I read a stunning Morningstar article
the other day. Ken Heebner's CGM Focus Fund returned an outstanding
17.84% annualized return over the last 10 years. While the market as a
whole went down, CGM Focus would have multiplied your money by 5.2
times. Wow!
That's assuming, of course, that you bought the fund and held on during
all the ups and downs of both the market and the CGM Focus Fund. The
return that Heebner's actual investors received (as calculated by
Morningstar)? Negative 16.82% annualized!
You might look at those numbers incredulously and wonder how on earth the fund could provide 17.84% returns while investors lost 16.82% annualized.
It relates to the title of this blog. As Shakespeare put it in Julius
Caesar, "The fault, dear Brutus, is not in our stars, But in ourselves."
The reason investors get lousy returns is not due to fate, but because
they shoot themselves in the foot.
How can a fund go up 17.84% annualized, but investors get -16.82%
returns? Investors chase volatile performance. They buy after a fund had
done well, only to find it top and roll over. After it tanks, they give
up and sell, only to find it race back up again. Rinse and repeat.

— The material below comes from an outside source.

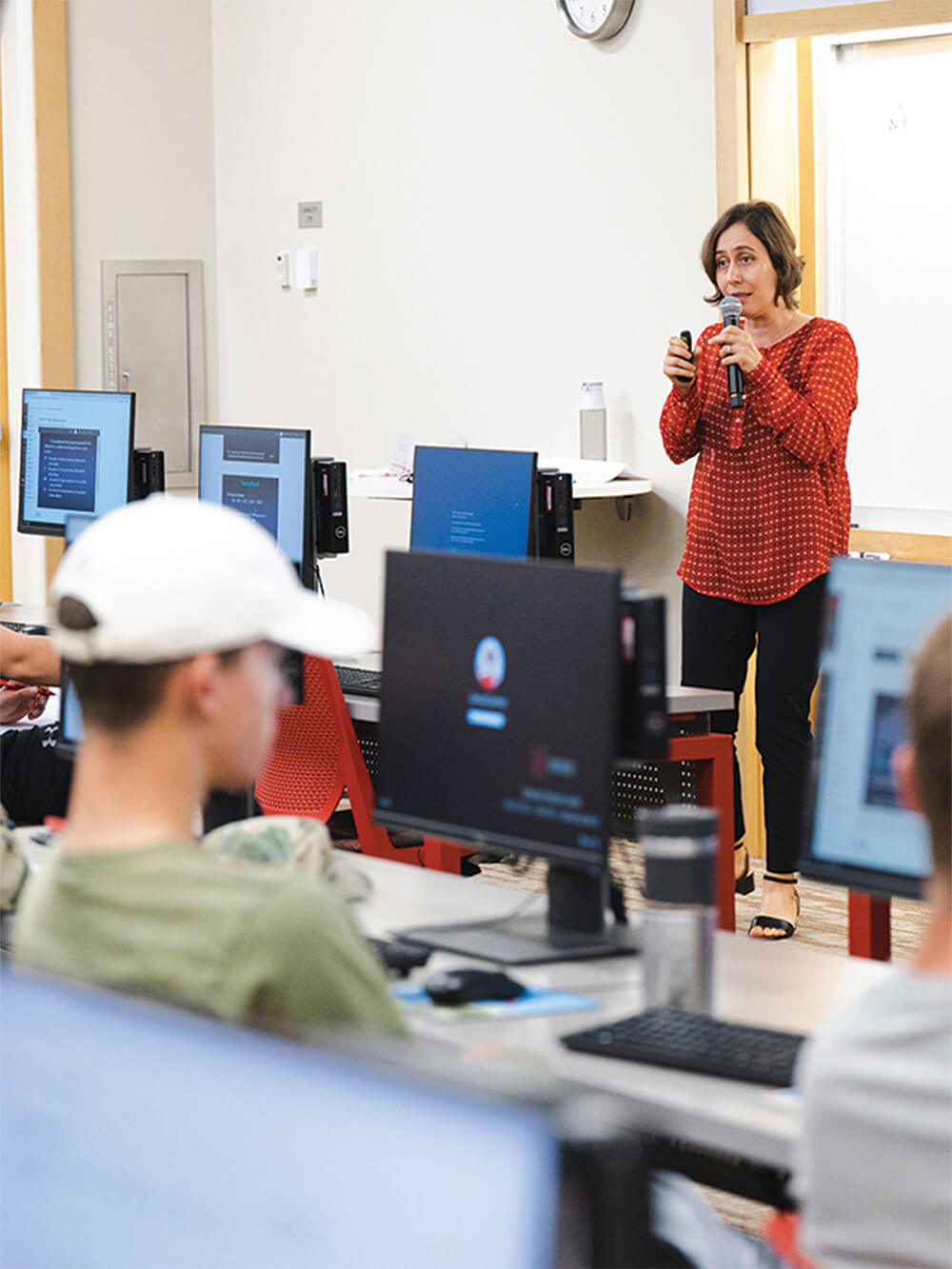 Students in classroom listen to female professor's lecture.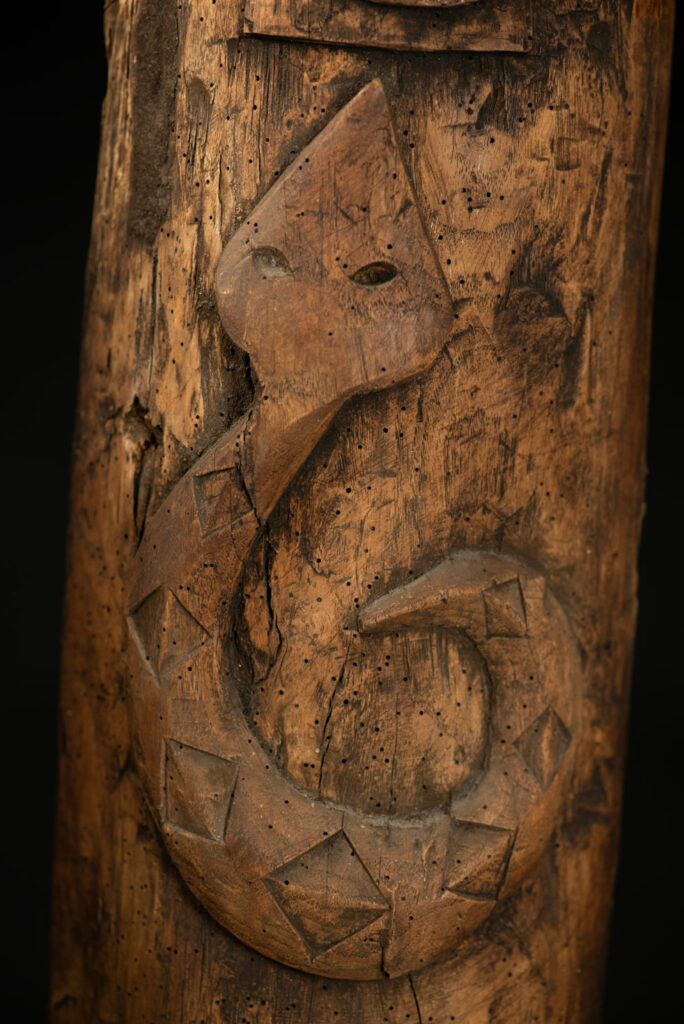 Ancient Paiwan tribe pillar , part of the inside partition, carved with human faces and sacred snakes.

Research clearly shows investors are their own worst enemy. Instead of
formulating a plan and sticking to it through bumpy markets, they try to
game the system. That's why Dalbar studies have consistently shown
investors get 1/4 of the return of the mutual funds they invest in--they
chase performance!
This lesson is counter-intuitive to most people, but vitally important
to investment success. Markets move in fits and starts. Trying to time
the market is a fool's errand. The people who succeed over the long run
stick to a disciplined and proven approach. Judging investment records
by short term performance, even 3 to 5 years, isn't enough. If a
disciplined approach doesn't look like it's working, stay the course
or--even better--put more money to work in it. Focus on the long term,
even when it's extremely hard to do, or hire someone who can do that for
you.
Or, as Warren Buffett puts it, "be greedy when others are fearful and fearful when others are greedy."